ベロウソフ国防相は7月30日に行った演説で「FPV」と呼ばれる性能を備えた無人機について「一日当たり4000機が軍に供与されている」として、軍への無人機の供給を加速させていると誇示しています。
プーチン政権は、さらなる侵攻の長期化を想定し、官民を挙げて無人機の増産や供給に取り組む体制を整えているとみられています。
ロシアの産業市から見える 無人機の製造拡大の実態
ロシアが官民一体となって無人機の製造拡大を進める実態の一端が、ロシア政府主催の産業市からかいま見えました。
ロシア政府は7月8日から4日間の日程で、軍需産業が盛んな中部の都市エカテリンブルクで、ロシア最大規模の国際産業見本市「イノプロム」を開催しました。
企業のブースで目立ったのは、ロシア国内で製造された最新の数々の無人機です。
このうち、中部ウリヤノフスク州にある無人機を製造する企業が、NHKの取材に応じました。
企業の開発責任者によりますと、20年以上にわたり自動車の部品を製造してきたということですが、ウクライナへの軍事侵攻で無人機の需要が高まるとみて開発に乗り出し、国防省にも開発の助成金を申請し、無人機の開発を進めているということです。
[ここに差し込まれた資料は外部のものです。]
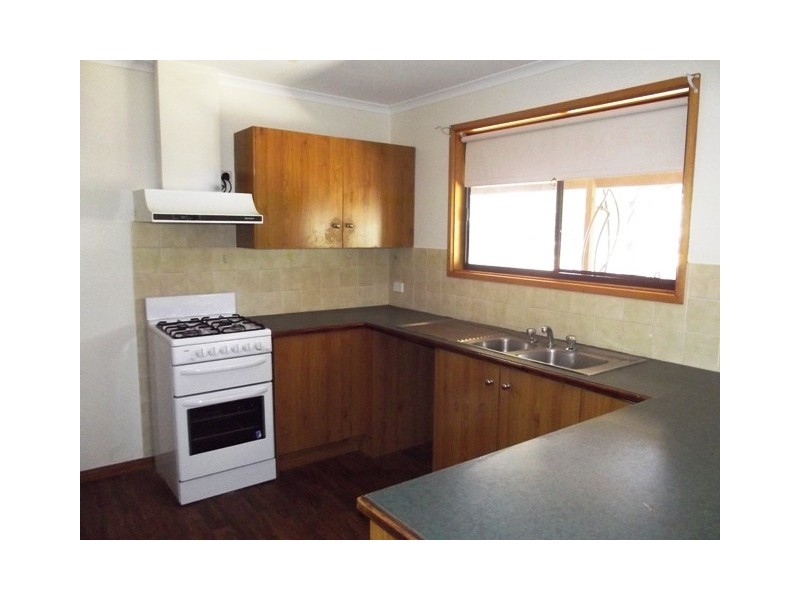 27 ARCOONA STREET, Roxby Downs SA 5725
開発責任者はインタビューで「国防省は、かつてはイランから供与された無人機を使っていたが、いま使われているのはロシア製だ。無人機の組み立て能力も10倍以上優れ、エンジンの性能も別物だ。資金が得られれば、より速く無人機の開発ができる」と説明していました。
一方で、欧米側によるロシアへの経済制裁の影響もうかがえました。
ロシア第2の都市サンクトペテルブルクで無人機の製造を行っている企業は、これまで日本製のエンジンを使用していたということですが、経済制裁によって入手できなくなったということです。
このため、いまはロシア国内で製造されたエンジンを使用していると話していました。
さらに、会場ではロシアが経済制裁に対抗するうえで、友好国との経済関係を強化し、無人機を含む軍需産業も活性化しようというねらいもうかがえました。
ことしの産業市には主催者の発表で、60か国からおよそ900の企業が参加したということですが、そのほとんどは中国や中東など、ロシアの友好国の企業です。
かつては日本も2017年に「パートナー国」を務めるなど、日本や欧米の企業も参加していましたが、軍事侵攻後はほとんど参加していません。
出展した中国企業の担当者は「ロシアと中国は友好国だ。経済制裁のリスクはあるが、それは乗り越えていく」と話していました。
会場を訪れたロシアのミシュスチン首相は、演説で「ロシアは前例のない経済制裁に対処している。困難な時だが、われわれは自信を深めている」と述べて、中国など友好国との協力関係を拡大するとともに、無人機開発の国家プロジェクトを含む国内産業の発展を進めていく考えを強調しました。